The healthcare sector faced a slew of challenges and struggles in the past few years with the onset of the Covid-19 pandemic and other health threats. Professionals had to deal with staff shortages, cybersecurity threats, and communication issues. Later, variants and other viruses like monkeypox began infecting the public, further affecting hospitals and care facilities. To continue providing optimal care, organizations must look to innovative solutions to solve the challenges impacting their efficacy and efficiency. Below are a few of the issues the industry is currently facing and how they can be addressed:
The healthcare staff shortage was a problem before and after the pandemic, and if improvements aren’t made, this issue is set to become increasingly urgent. By 2034, the US could face a staff shortage of 124,000 physicians and 48,000 primary care physicians. Many professionals shifted to higher-paying roles or left the industry due to burnout as the healthcare crises worsened.
To ease the care burden, more hospitals are employing assistive technology and robotics. A well-known robot used in Singapore’s Changi General Hospital is the da Vinci Surgical System, which assists surgeons with minimally invasive surgeries. They also aid professionals by doing smaller jobs, such as delivering linen and food, maintaining cleanliness, assisting patients, and more. Similarly, automation allows menial tasks that would typically be presided over by staff to be handled through technology, allowing patients more control and professionals to focus on more important work. This tech alleviates the burden on healthcare workers who are already dealing with a lot on their plates.
Cyberattacks and breaches
As technology becomes more involved with healthcare, protecting patient data recorded electronically is needed now more than ever. However, the industry experienced a rise in cyberattacks, with the breaches affecting up to 45 million in 2021, an alarming leap from 14 million in 2018. Other than patients’ health information, sensitive data like credit card details or bank account numbers can be accessed by cybercriminals.

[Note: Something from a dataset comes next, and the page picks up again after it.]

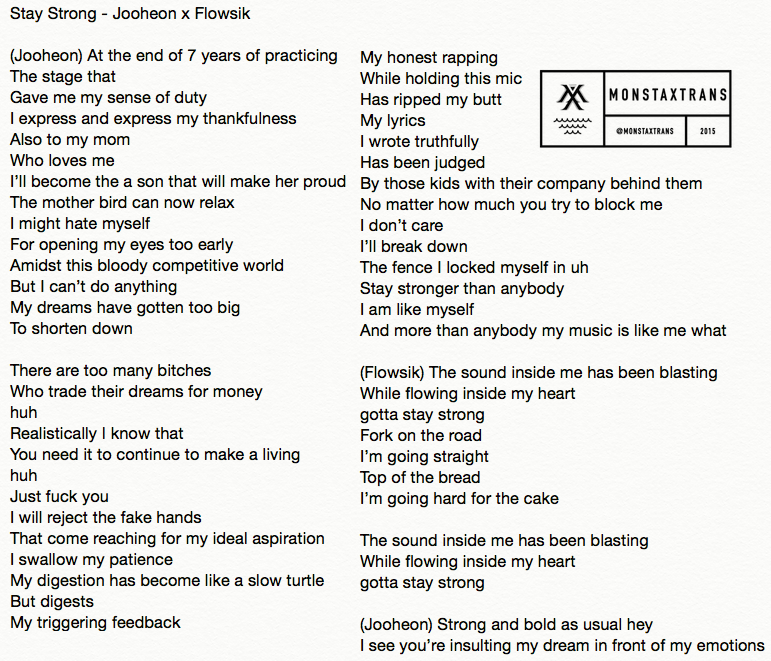 Mxtrans Eng Lyrics Stay Strong Jooheon X Flowsik T Co Kv8kfujkmy Twitter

Though technological advancements can pose a risk to data, they can also be a viable solution for breaches and attacks. The interest in blockchain technology in healthcare is growing, and it can be vital for protecting patient data. Its decentralized nature removes third parties and makes accessing records easier and safer for professionals and patients. Companies such as Patientory, BurstIQ, and more began offering software and services that aggregate information onto a blockchain to encrypt the data and keep it safe from prying eyes and bad actors. Training staff on cybersecurity, implementing multi-factor authentication, and simply changing passwords on devices can help mitigate the occurrence of cyberattacks.
Not properly communicating with other staff and patients can be costly and even deadly. Antiquated communication technology, such as pagers, can delay patient care, or lack of mobile technology prevents staff from accessing and updating records and information immediately. The relationship between communication satisfaction and patient safety is directly proportional; when one aspect is poor, the same goes for the other. Healthcare organizations must streamline communication for more effective care.
Healthcare organizations can invest in more mobile technology, such as smartphone-based tech, to quickly administer care, especially for urgent cases. One study showed how smartphone alerts could be beneficial for responding to in-hospital cardiac arrests. These notifications cut a minute off code team activation, which took 78 seconds on average using conventional methods. Other than using updated technology, simple solutions such as regular staff meetings and more thorough discussions with patients can reduce errors and improve care.